A power of attorney is a legal document that allows an adult to designate a trusted friend or family member with legal authority to manage their affairs. Depending on the circumstances, a valid durable power of attorney can provide a means to manage the estate of someone who later becomes legally incapacitated. It may prevent the need for appointment of an involuntary conservator. In Connecticut probate courts, proceedings to appoint an involuntary conservator can be time consuming and expensive, especially when compared with the ease and relative economy of a durable power of attorney. However, once legal incapacity strikes, it’s often too late for a durable power of attorney to be executed. This is because an adult must have legal capacity to sign a durable power of attorney; if the power of attorney is signed by someone who lacks capacity, that power of attorney may not be valid.
Beginning October 1, 2016, significant changes to Connecticut law governing powers of attorney became effective. This article highlights some changes that the new law creates. In future articles, each of these changes will be examined in more detail.
The changes in Connecticut law are designed to achieve six general objectives. One objective is to preserve powers of attorney as an inexpensive means of incapacity planning that is flexible and private.
A second objective the new law addresses is the inclusion of safeguards to protect the person who creates the power of attorney (called the “principal”), the person who acts under the power of attorney (called the “agent”), and third parties that perform an action based on the power of attorney (for example, a bank that allows the agent access to a financial account owned by the principal).
A third objective is to modernize powers of attorney so that retirement plans and certain estate planning documents could be managed under a power of attorney.

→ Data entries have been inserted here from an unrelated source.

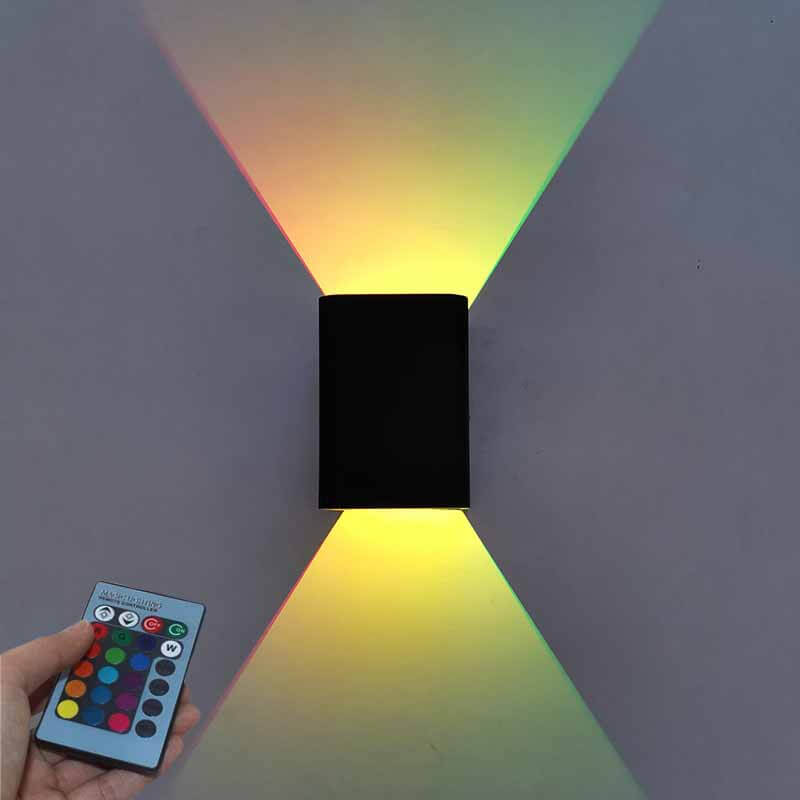 Modern RGB LED Square Wall Light with Remote | 1-Light Lasson Living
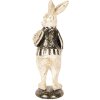 Clayre & Eef Deko-Kaninchen Polyresin Beige Schwarz 8x9x25 cm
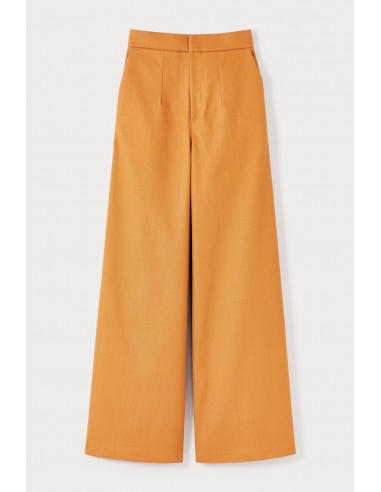 Pantalon taille haute à jambes larges en denim ORANGE soldes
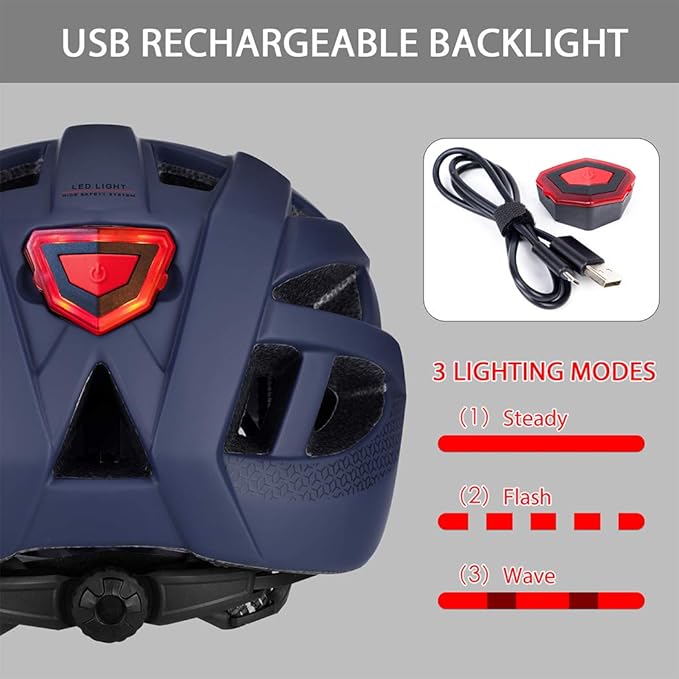 Adult-Men-Women Bike Helmet with Light - Mountain Road Bicycle Helmet with Replacement Pads & Detachable Visor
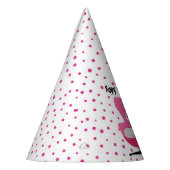 ミッドセンチュリーかわいらしキャッツピンクチェア水玉模様 パーティーハット (左)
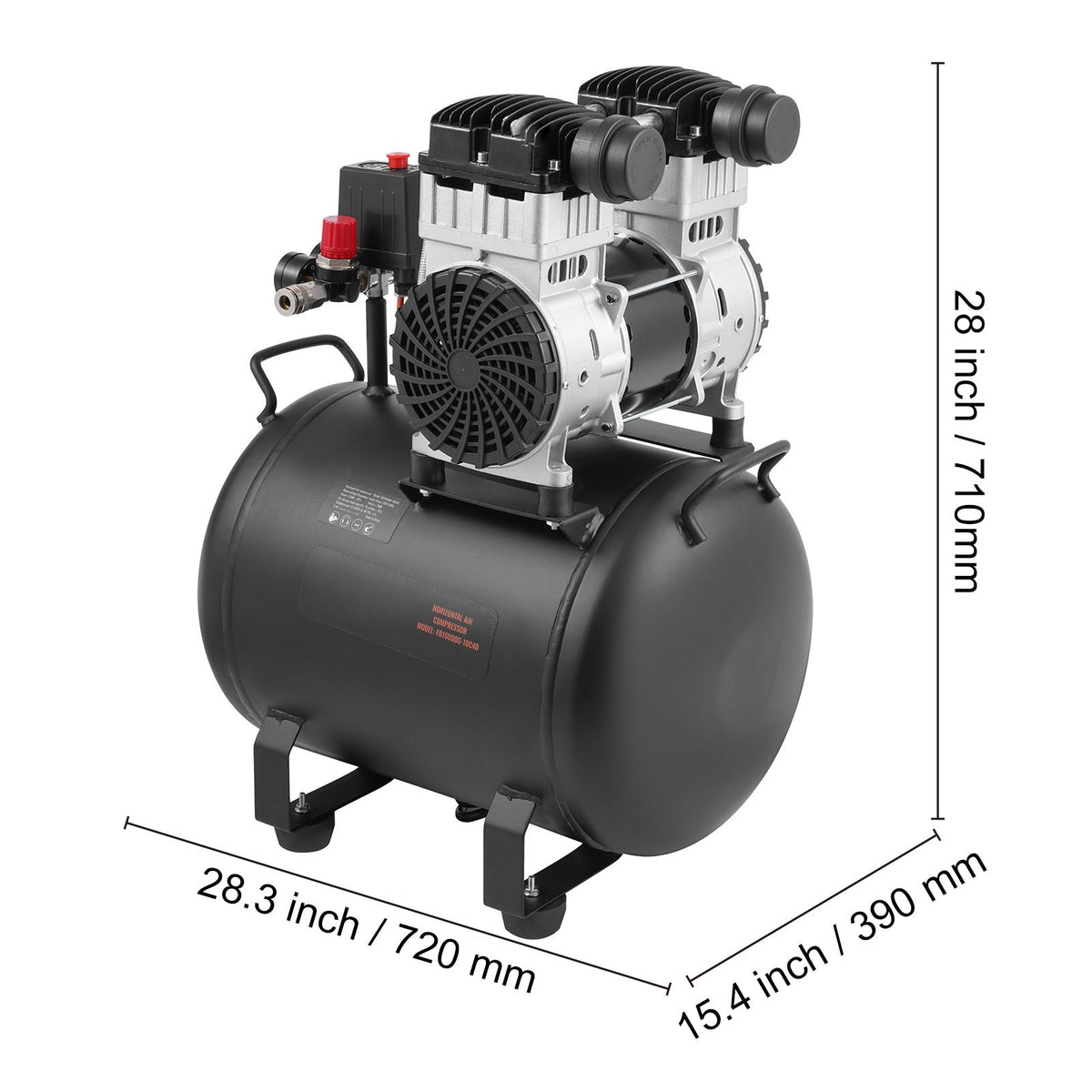VEVOR Air Compressor Compact Portable Oil Free Compressor 40L 90 PSI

A fourth area – a particularly important one – is to encourage the acceptance of valid powers of attorney by third parties. Certain financial institutions, in particular, have long had a reputation of refusing to recognize valid powers of attorney. Some of these institutions would only recognize a power of attorney created on their own forms. Frequently these forms amounted to little more than a document that exonerated the institution should any problems arise as a result of the use of the power of attorney.

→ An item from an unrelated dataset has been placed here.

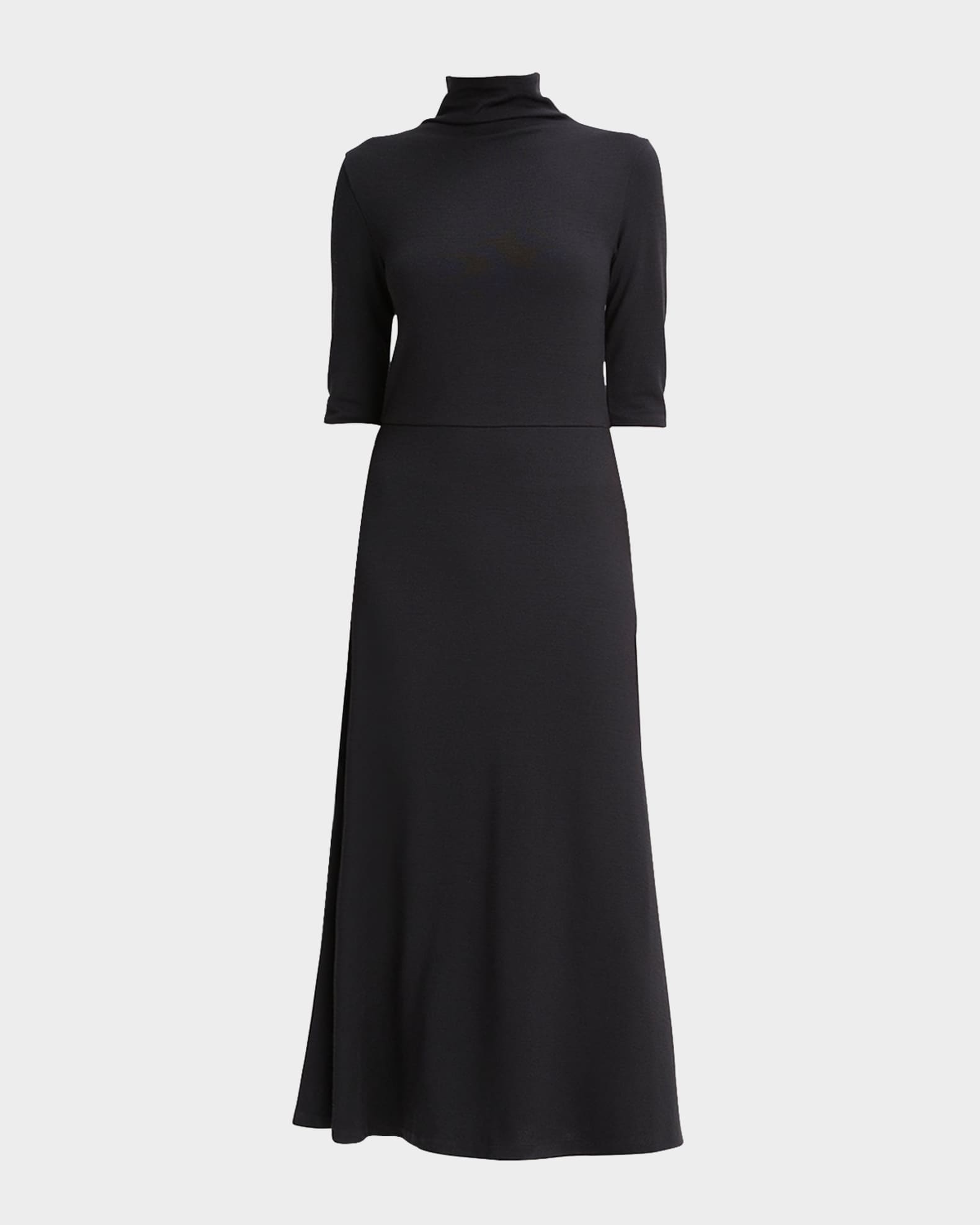 Vince Elbow-Sleeve Turtleneck Midi Dress | Neiman Marcus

A fifth area addresses situations where the agent acts properly but may also have a conflict of interest. An example of this would be where assets are transferred to family members under the power of attorney.
Finally, the new law provides ways to customize the power of attorney document. This is not entirely new – it was also allowed under the previous version of Connecticut law.
In the next few articles, I’ll look more closely at each of these areas and highlight how the new law works.